Closed ekg closed 8 years ago
Theoretically, you could just move the .sst files into the directory and recreate the MANIFEST file using RepairDB() API call. RepairDB() will regenerate the MANIFEST from the info it reads from .sst files. After you have a MANIFEST, you can open the DB normally and compact.
RepairDB doesn't work with column families because that metadata can't be read from the .sst files themselves.
Ok, this is interesting. I guess I'll still have a full compaction of the data at the end.
I would actually recommend building a MergeDatabases() function. The function would just iterate over all databases and produce a new one. Should be only few lines of code.
[Sorry if I am hijacking this thread, let me know if I should instead open a new issue]
Reading this, I was wondering whether this can be used for designing some sort of bulk load from grid. Creating new SSTs on grid , shut down DB, copy grid SST files, RepairDB and db back in business.
@jayadev It might be a good approach to bulk generation new DB. We have not been using this approach at Facebook, though.
I'm not sure I understand your question about column families. The problem is that only MANIFEST knows the mapping from column families to files. If you tell us "this file is from this column family", it could definitely be doable.
Can putting all the files into one directory and run RepairDB, will it work?
To work with column families, we'd need to augment the SST to include the column familiy name, and then teach repair.cc to use it, right? Would there be a problem with adding a new metadata block?
@siying This sounds like a nice strategy, but compaction is really slow. It's the biggest bottleneck in my use of rocksdb. For our application I take about 5 hours to generate the data to put into the db and 50 hours to compact/compress it. I'm using the bulk load pattern from the tests. The data generation is parallel, while the compaction is effectively single threaded. Benchmarking with gprof suggests that most of the time is spent in zlib compression routines. I really would like to speed this up as it's been quite difficult to iterate with a 3-day rebuild time on the system.
And I would be happy not to compact at all but sorting while loading slows things by a factor of 2 and yields a db that is 5 times as big. Not an option as we need to fit the whole thing in memory and it's already 150-200G when compressed with zlib (800 or so when using faster compressors like snappy).

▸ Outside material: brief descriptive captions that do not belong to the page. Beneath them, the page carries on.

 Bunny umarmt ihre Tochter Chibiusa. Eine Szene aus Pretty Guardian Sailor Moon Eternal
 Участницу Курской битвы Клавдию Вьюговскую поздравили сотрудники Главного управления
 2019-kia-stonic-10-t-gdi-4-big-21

If you're using bulk load optimization, that will optimize write amplification (how much data you write to disk), and unfortunately not performance. CompactRange() is still single-threaded unfortunately, although @rven1 is going to fix that soon.
Bulk load will disable your compactions until the end. I actually found that you can get better performance if you compact as you go. That way compactions can continue in parallel, while a single L0->L1 compaction will be single-threaded.

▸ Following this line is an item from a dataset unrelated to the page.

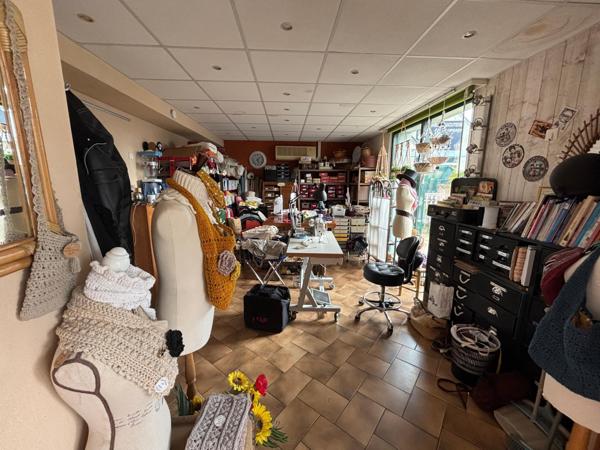Immeuble à PLEUCADEUC, 56140 - 160m²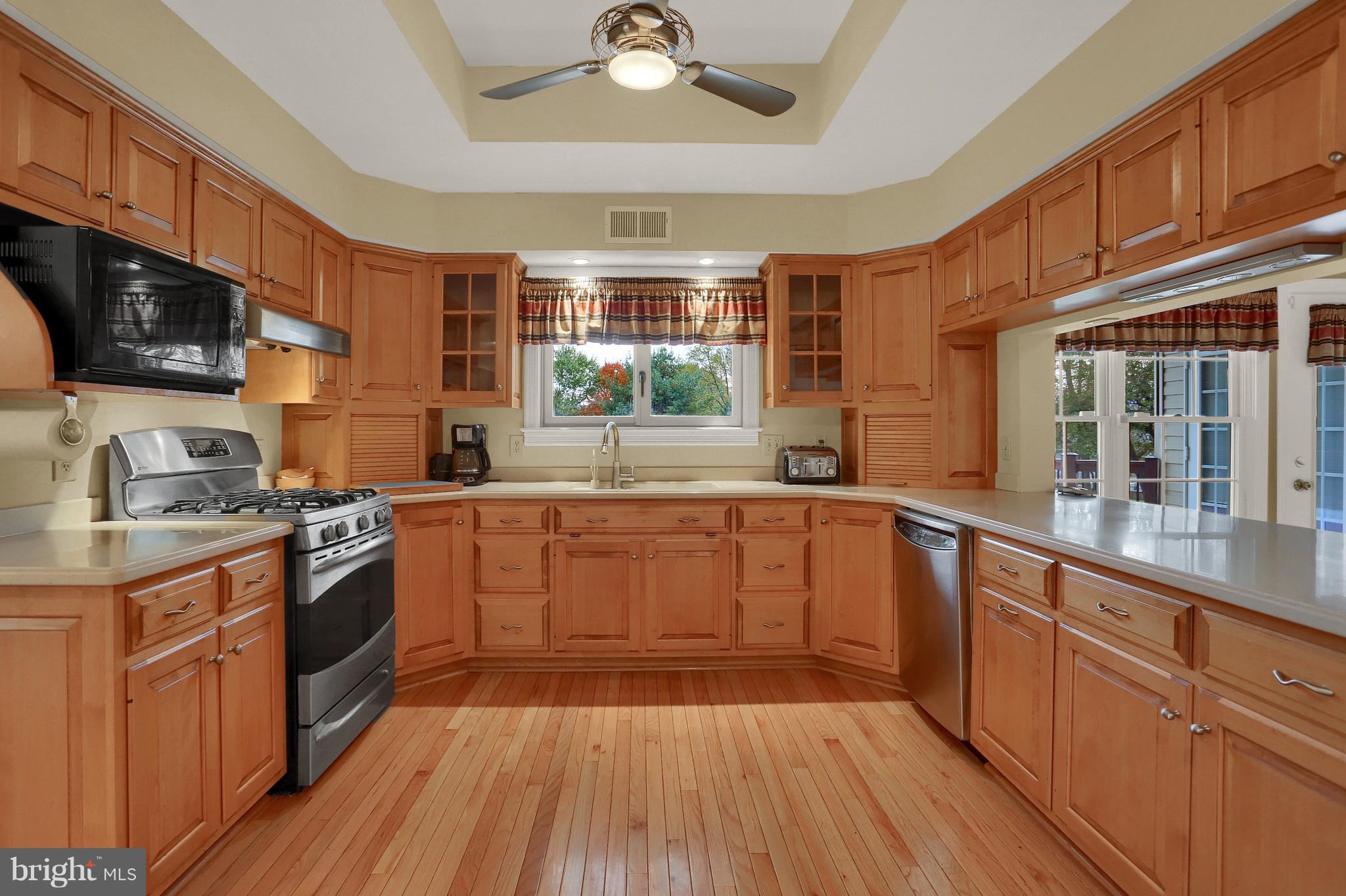 201 West Springville Road Boiling Springs, PA 17007 - Photo 13 of 42 Huge kitchen with hardwood flooring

@igorcanadi have there been any updates on multi-threaded CompactRange()? I'm also seeing this as a bottleneck.
No but now we have a patch that if you insert keys in sorted order, and issue a CompactRange() in the end, it can be just trivial move, without rewriting the data.
@igorcanadi @siying What about running a bulk load, to insert all data, then simply selecting from that now-sorted (not-compacted) database and creating a new database while running compactions?

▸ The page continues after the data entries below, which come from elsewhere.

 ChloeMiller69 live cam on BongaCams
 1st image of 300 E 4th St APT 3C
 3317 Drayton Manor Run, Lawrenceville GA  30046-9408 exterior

It seems like a bit of extra work, but, it seems like a possible way of running compactions in parallel.
@Downchuck something you can give a try.
@ekg Does the API AddSstFile() help your use case?https://github.com/facebook/rocksdb/wiki/Creating-and-Ingesting-SST-files
I've stepped around this issue by building a custom in-memory database on top of succinct data structures from https://github.com/simongog/sdsl-lite. However, I may have need to use rocksdb as an intermediate in this process and when I do I'll look into the AddSstFile interface. Thanks!
On Tue, Aug 9, 2016 at 1:51 AM dhruba borthakur notifications@github.com wrote:
@ekg https://github.com/ekg Does the API AddSstFile() help your use case? https://github.com/facebook/rocksdb/wiki/Creating-and-Ingesting-SST-files
— You are receiving this because you were mentioned. Reply to this email directly, view it on GitHub https://github.com/facebook/rocksdb/issues/499#issuecomment-238412624, or mute the thread https://github.com/notifications/unsubscribe-auth/AAI4Ec3lpjGr8EvVVJSzfhSwhe6DXDIeks5qd8EQgaJpZM4DdXbb .
please reopen if needed.
I'd like to speed up the construction of a large database by breaking it up into chunks and computing each piece in parallel on separate systems, then merging the results back together.
It would seem that there should be a way to just drop all the .sst files into the same directory and execute a compaction to obtain a fully-sorted database with the desired layout. However, there must be some kind of metadata associated with the .sst files, and obviously they need to have unique names or there would be collisions.
Is there any way to pull an external .sst into rocksdb?